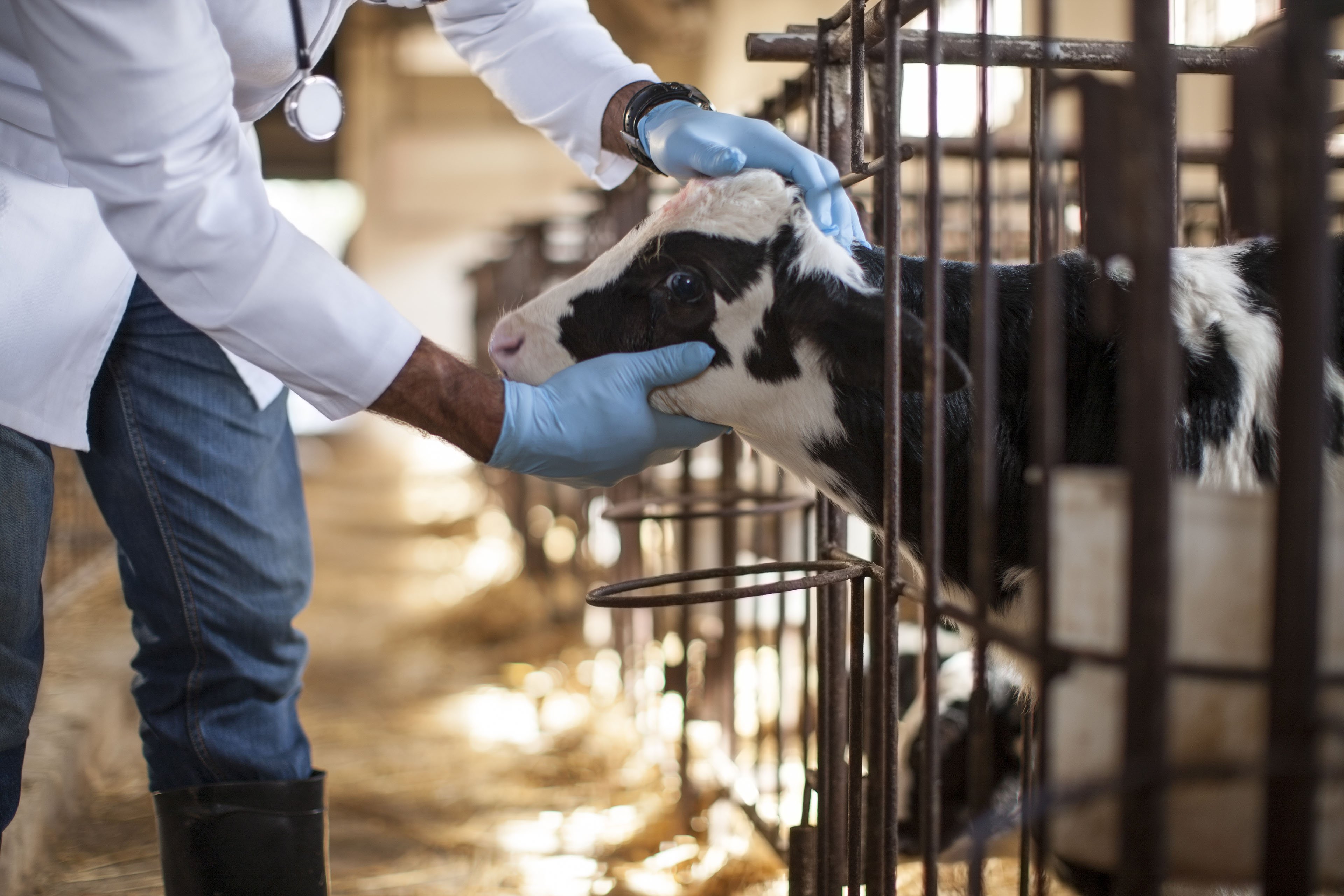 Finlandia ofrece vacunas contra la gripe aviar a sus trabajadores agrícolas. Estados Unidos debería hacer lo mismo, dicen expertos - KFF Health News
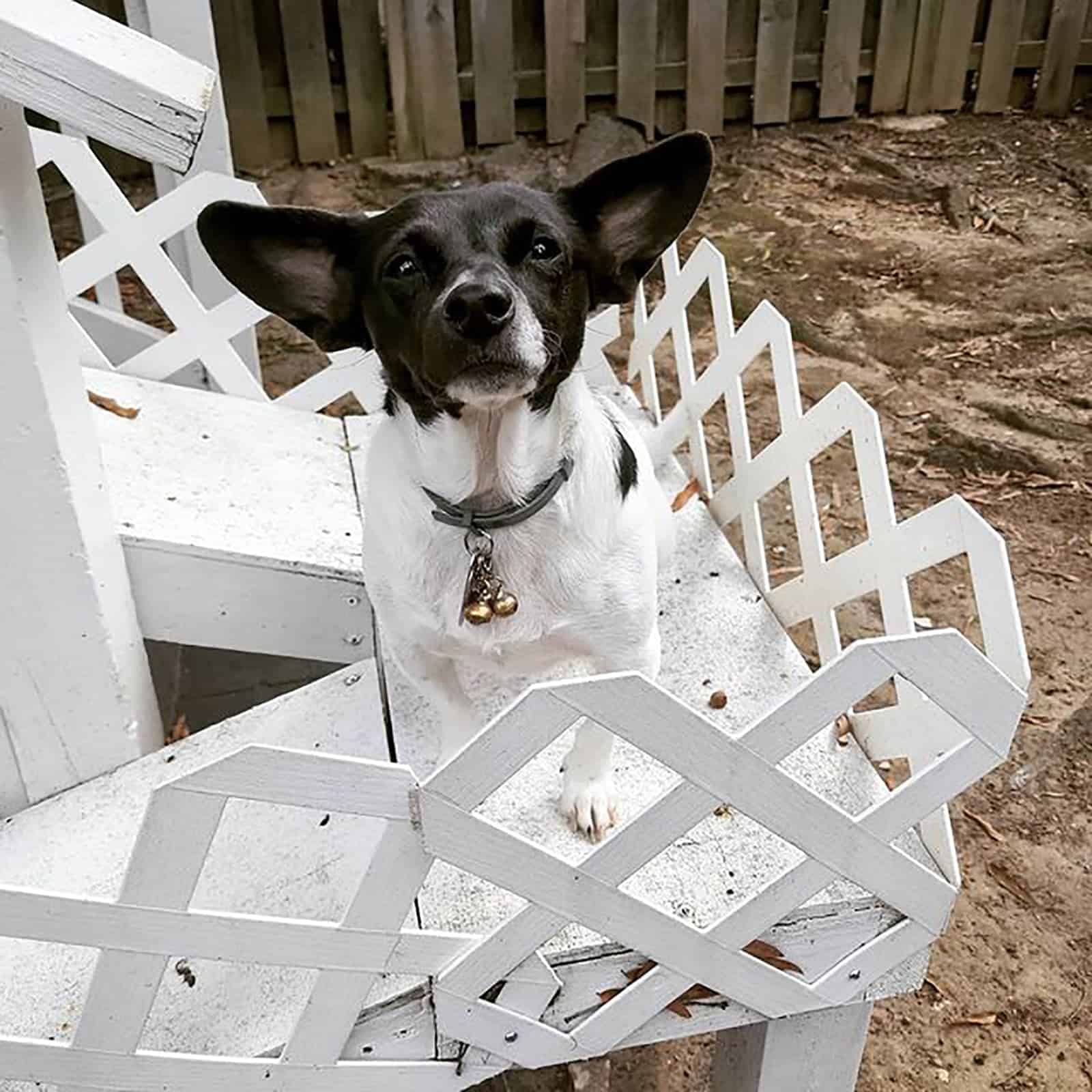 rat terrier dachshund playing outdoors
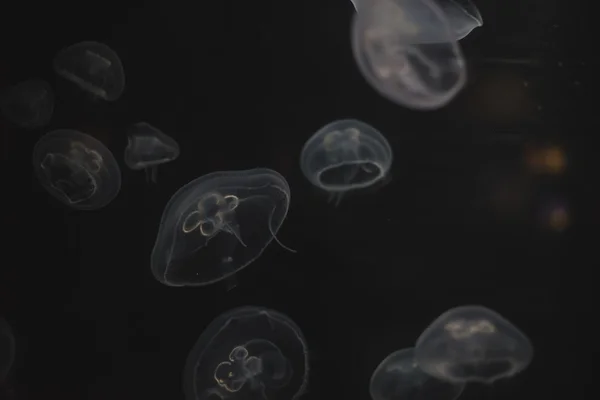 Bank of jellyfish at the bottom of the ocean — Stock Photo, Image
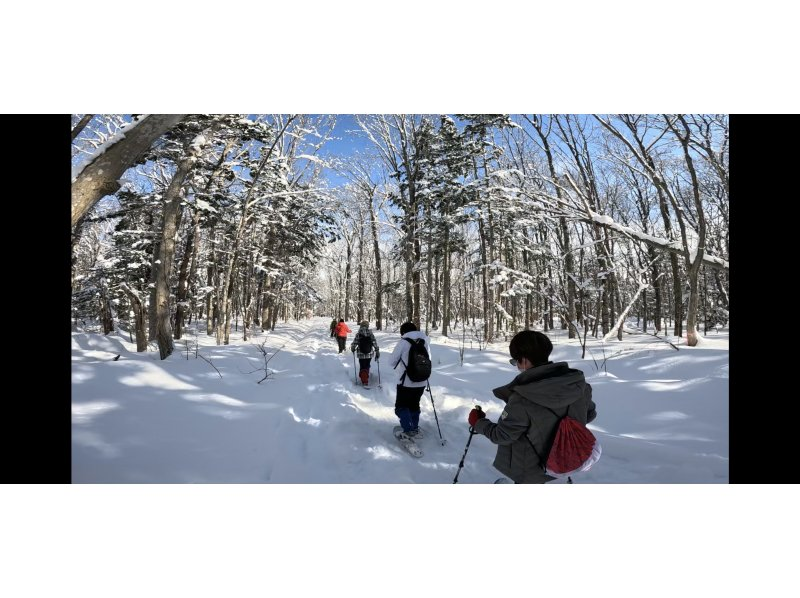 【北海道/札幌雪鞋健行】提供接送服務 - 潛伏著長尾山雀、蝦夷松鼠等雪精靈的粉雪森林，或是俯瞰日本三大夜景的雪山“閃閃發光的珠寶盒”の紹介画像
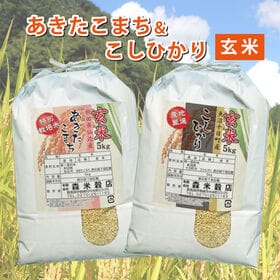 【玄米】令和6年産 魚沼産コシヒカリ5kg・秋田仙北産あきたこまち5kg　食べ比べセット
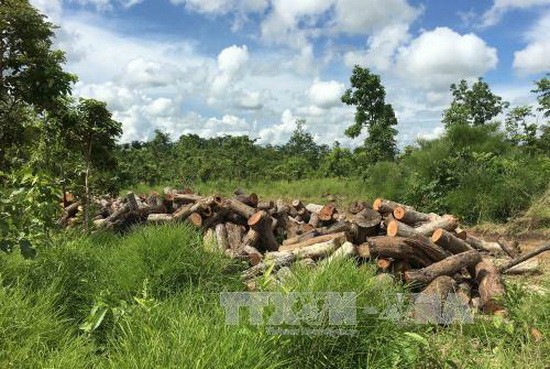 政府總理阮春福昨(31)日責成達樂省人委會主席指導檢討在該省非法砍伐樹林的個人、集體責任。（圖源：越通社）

==

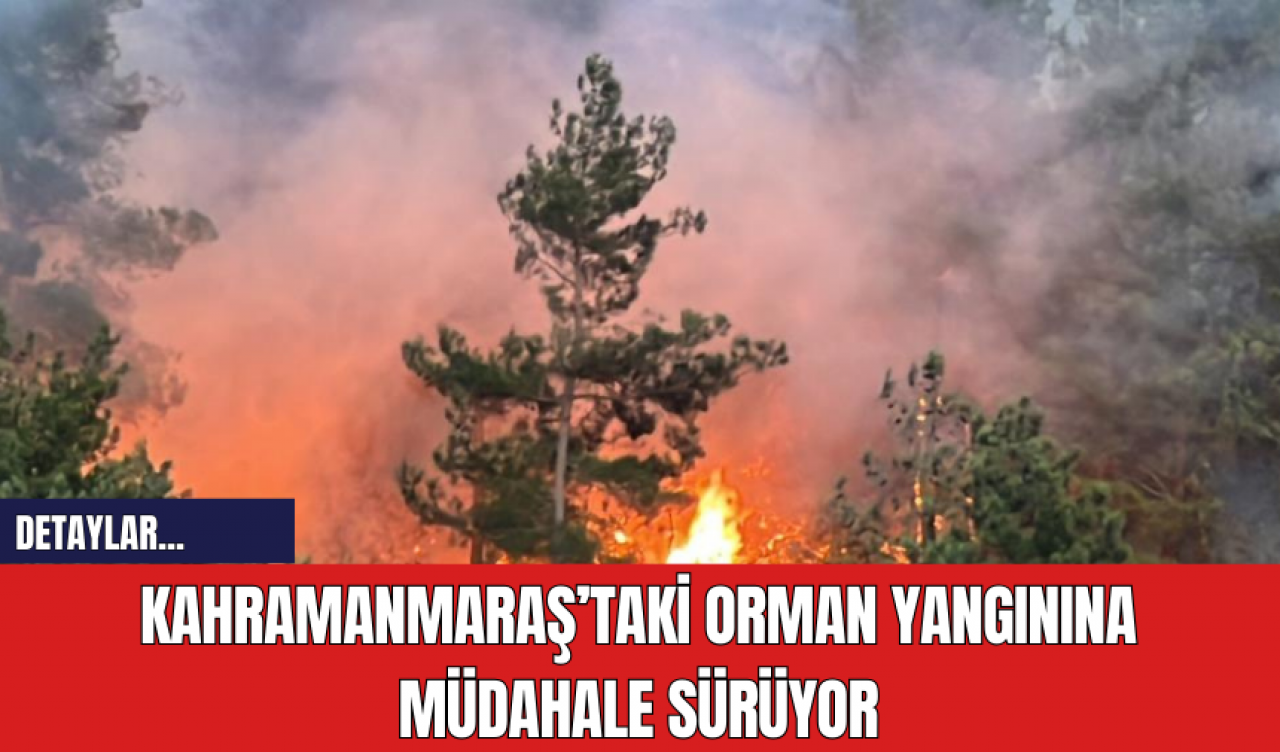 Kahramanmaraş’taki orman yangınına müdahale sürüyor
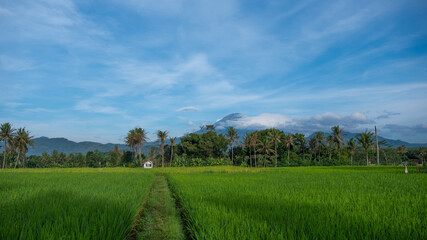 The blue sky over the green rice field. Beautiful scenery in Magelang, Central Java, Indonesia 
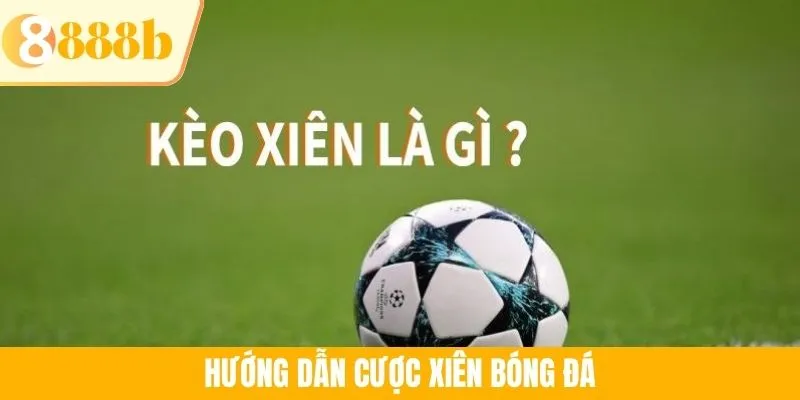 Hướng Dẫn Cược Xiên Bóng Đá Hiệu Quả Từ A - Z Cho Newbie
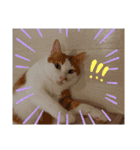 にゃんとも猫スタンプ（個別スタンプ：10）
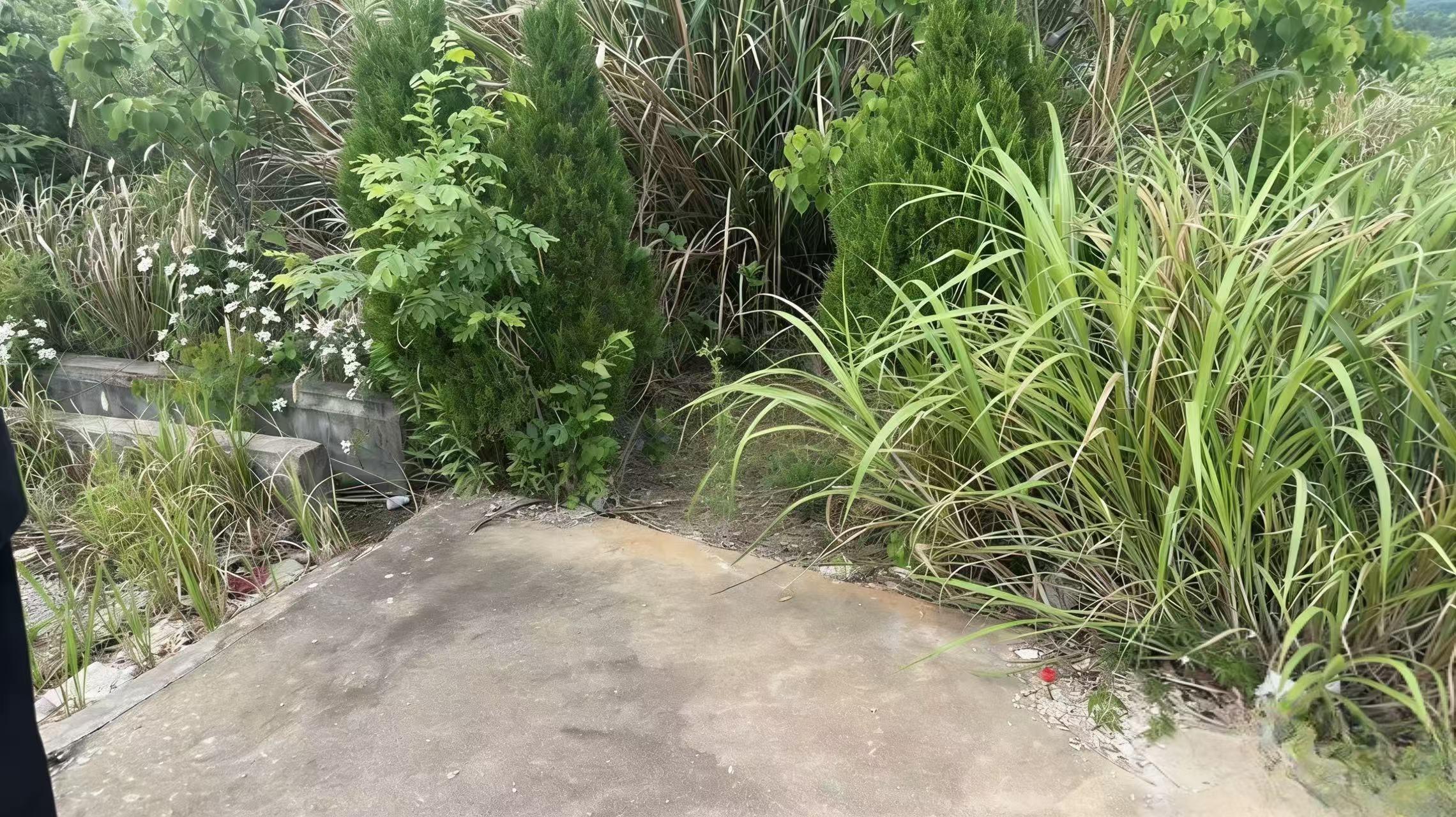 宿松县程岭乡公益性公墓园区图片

Your instructions: Leaving out each picture, repeat exactly the lines above from the one that contains "rat terrier dachshund playing outdoors" through the one that contains "政府總理阮春福昨(31)日責".

Output below:
 rat terrier dachshund playing outdoors
 Bank of jellyfish at the bottom of the ocean — Stock Photo, Image
 【北海道/札幌雪鞋健行】提供接送服務 - 潛伏著長尾山雀、蝦夷松鼠等雪精靈的粉雪森林，或是俯瞰日本三大夜景的雪山“閃閃發光的珠寶盒”の紹介画像
 【玄米】令和6年産 魚沼産コシヒカリ5kg・秋田仙北産あきたこまち5kg　食べ比べセット
 政府總理阮春福昨(31)日責成達樂省人委會主席指導檢討在該省非法砍伐樹林的個人、集體責任。（圖源：越通社）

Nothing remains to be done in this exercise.